▸ **Task directions**:
Each line of the data below between the one containing "a woman is walking" and the one containing "Camera operator holding", both included, is to be repeated exactly. Please omit pictures.

[Exercise data]

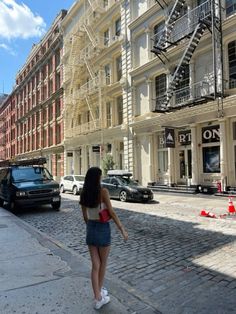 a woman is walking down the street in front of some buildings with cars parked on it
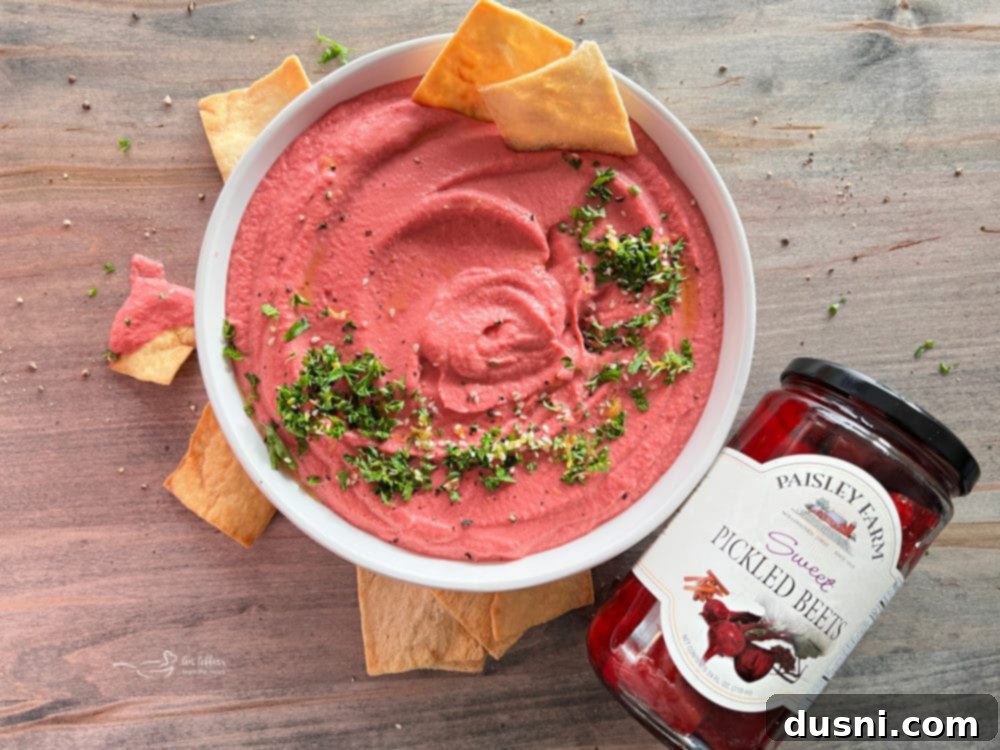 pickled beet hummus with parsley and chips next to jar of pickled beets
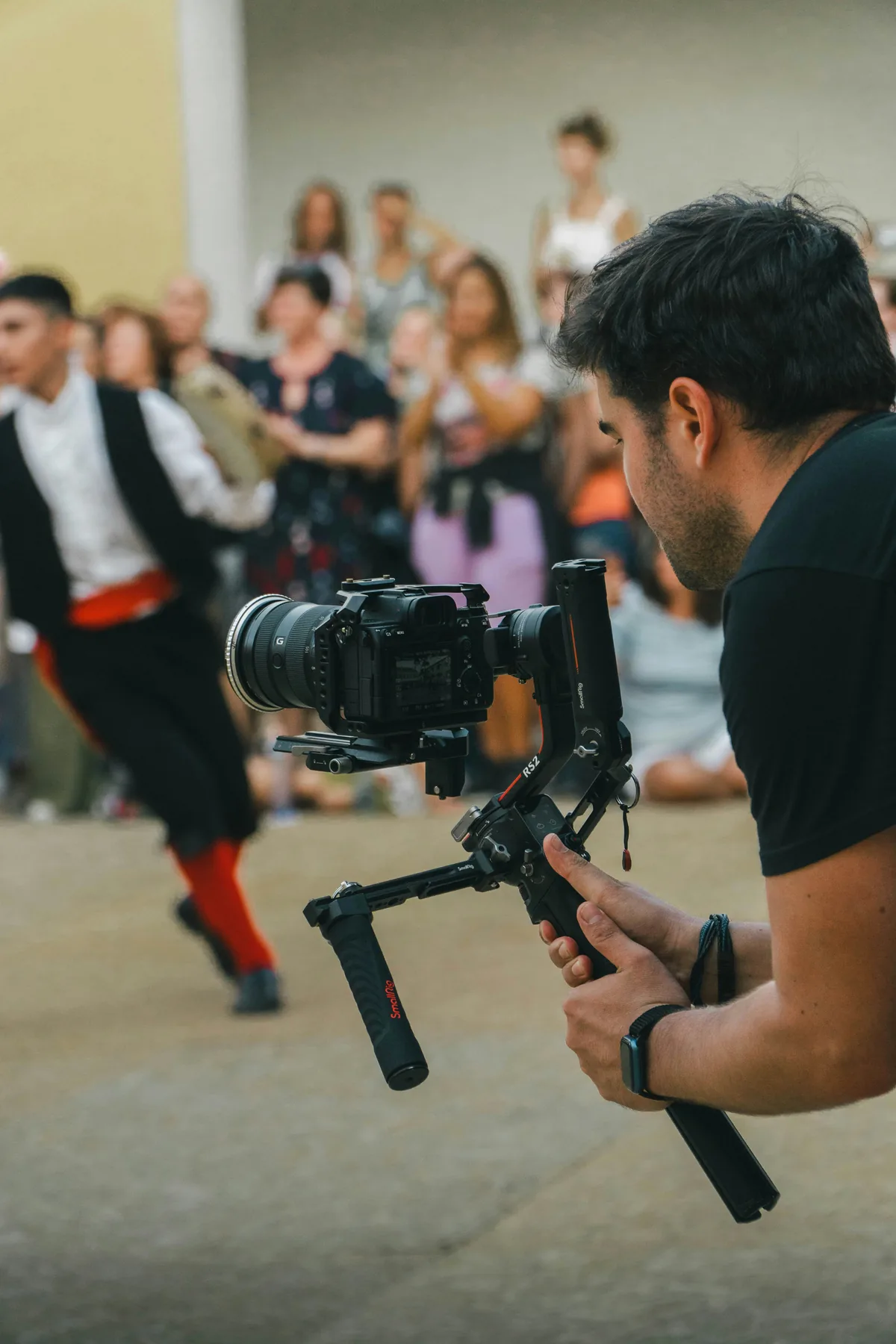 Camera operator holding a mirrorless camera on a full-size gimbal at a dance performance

[/Exercise data]
[Exercise data]

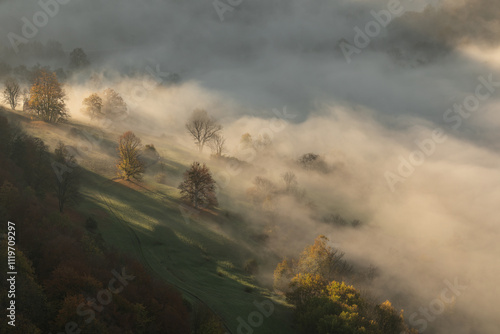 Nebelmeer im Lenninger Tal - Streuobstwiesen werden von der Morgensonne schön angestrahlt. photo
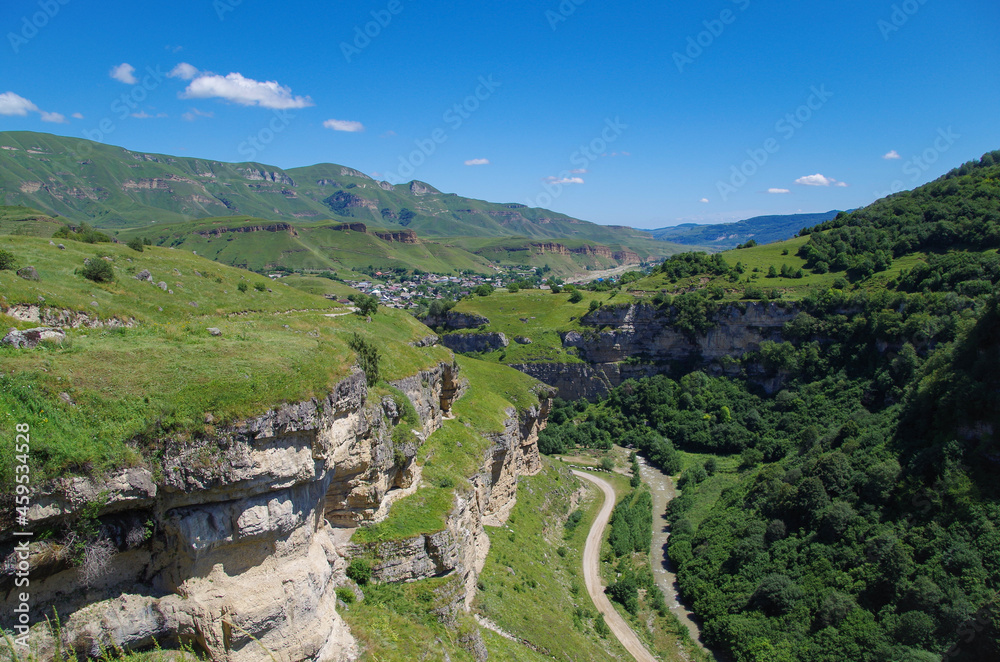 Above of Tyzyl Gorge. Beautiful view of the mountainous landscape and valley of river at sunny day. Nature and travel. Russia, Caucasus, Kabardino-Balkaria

[/Exercise data]

▸ **Reply to the exercise**:
 a woman is walking down the street in front of some buildings with cars parked on it
 pickled beet hummus with parsley and chips next to jar of pickled beets
 Camera operator holding a mirrorless camera on a full-size gimbal at a dance performance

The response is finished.